The current state budget prohibits government entities from using eminent domain for trails and pedestrian ways. Cycling enthusiasts and municipal leaders say the prohibition is slowing progress on projects around Wisconsin. Evers’ 2019-21 budget would lift the prohibition. His spokeswoman, Melissa Baldauff, said wiping it out would restore local control.
“This is about being responsive to local communities and expanding multi-modal transportation options,” Baldauff said.
Eminent domain refers to the government’s power to seize private property and turn it to public use. The government must compensate the land owner for the taking.
Republicans on the Legislature’s Joint Finance Committee added language to the 2017-19 state budget prohibiting government entities from using eminent domain for bike trails, recreational trails and pedestrian ways. They made the move at the request of Republican Rep. Rob Stafsholt, of New Richmond. He doesn’t sit on the finance committee but persuaded members his constituents were concerned about government seizing their land. He cited in an interview last week the example of St. Croix County officials considering eminent domain to seize land for a recreational trail from about a dozen homeowners in the town of Richmond.
“Somebody else’s recreational opportunity should not be forced on my property,” Stafsholt said.
Republicans still control the Legislature and likely won’t undo a prohibition they just approved two years ago, although two Republicans are working on a bill that would restore eminent domain for sidewalk right of ways and linking bike path sections.
“We can understand if they need a few feet for a sidewalk,” said that bill’s sponsor, Republican Senate President Roger Roth. “The issue is when they put roads right though a person’s property.”
Still, cycling enthusiasts and municipal leaders say a full repeal would give them back a key tool for completing trail projects, improving communities’ appeal and saving money.
Since the budget passed in September 2017, the Wisconsin Active Communities Association, which promotes places for biking and walking, has tracked at least 17 cases where the lack of eminent domain powers has prevented projects from starting, stalled progress or created questions about whether they would be completed.
The Great Headwaters Trails Foundation, an Eagle River nonprofit that works to develop bike and walking trails, is trying to build 10 miles of trail to connect Eagle River with the 52-mile Heart of Vilas Bike Trail System.
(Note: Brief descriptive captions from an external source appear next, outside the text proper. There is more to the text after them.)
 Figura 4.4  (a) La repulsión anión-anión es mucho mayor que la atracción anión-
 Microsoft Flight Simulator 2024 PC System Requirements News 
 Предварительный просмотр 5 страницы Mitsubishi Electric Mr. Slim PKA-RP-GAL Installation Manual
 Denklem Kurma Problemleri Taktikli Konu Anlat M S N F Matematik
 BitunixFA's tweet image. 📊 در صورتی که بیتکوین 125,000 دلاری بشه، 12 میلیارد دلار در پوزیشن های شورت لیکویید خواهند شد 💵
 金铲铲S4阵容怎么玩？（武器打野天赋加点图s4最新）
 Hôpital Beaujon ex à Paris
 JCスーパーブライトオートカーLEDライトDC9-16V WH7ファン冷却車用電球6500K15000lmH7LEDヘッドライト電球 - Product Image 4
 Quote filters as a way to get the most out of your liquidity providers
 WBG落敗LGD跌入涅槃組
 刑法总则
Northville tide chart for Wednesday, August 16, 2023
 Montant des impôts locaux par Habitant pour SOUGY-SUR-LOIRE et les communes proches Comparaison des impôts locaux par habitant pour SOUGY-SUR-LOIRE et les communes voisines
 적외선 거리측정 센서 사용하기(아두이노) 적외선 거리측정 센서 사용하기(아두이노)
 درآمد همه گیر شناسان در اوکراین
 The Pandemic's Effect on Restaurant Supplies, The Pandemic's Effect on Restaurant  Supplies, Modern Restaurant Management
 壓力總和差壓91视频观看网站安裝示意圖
The group’s president, Jeff Currie, said the biggest challenge will be acquiring property from about 20 land owners in and around Eagle River.
“With 20 property owners, we’re going to run into a few situations,” he said. “I would really like to have the clarity of the eminent domain process and the ability of a city like Eagle River to have a way to approach this.”
St. Croix County Highway Commissioner Rob Krejci said the prohibition halted work on the town of Richmond trail and has forced the county to spend up to $40,000 on redesigns. He said municipalities typically use eminent domain to acquire only a few thousand square feet.
“To lose eminent domain is a huge issue,” he said. “We expend a lot of funds through design, through scoping. How do I, protecting a taxpayer investment, say I don’t know if I can deliver that project?”
Lucas Vebber, an attorney with conservative law firm Wisconsin Institute for Law and Liberty, said it’s ridiculous that legislators would consider strengthening the government’s ability to claim land against the owners’ wishes.
And the repeal is clearly on the minds of Joint Finance Committee Republicans as they prepare to revise Evers’ budget.
“I can see how alluring (eminent domain) can be,” Sen. Devin LeMahieu, a Republican committee member, told Department of Natural Resources Secretary Preston Cole during a hearing last week. “But I can see how dangerous it could be.”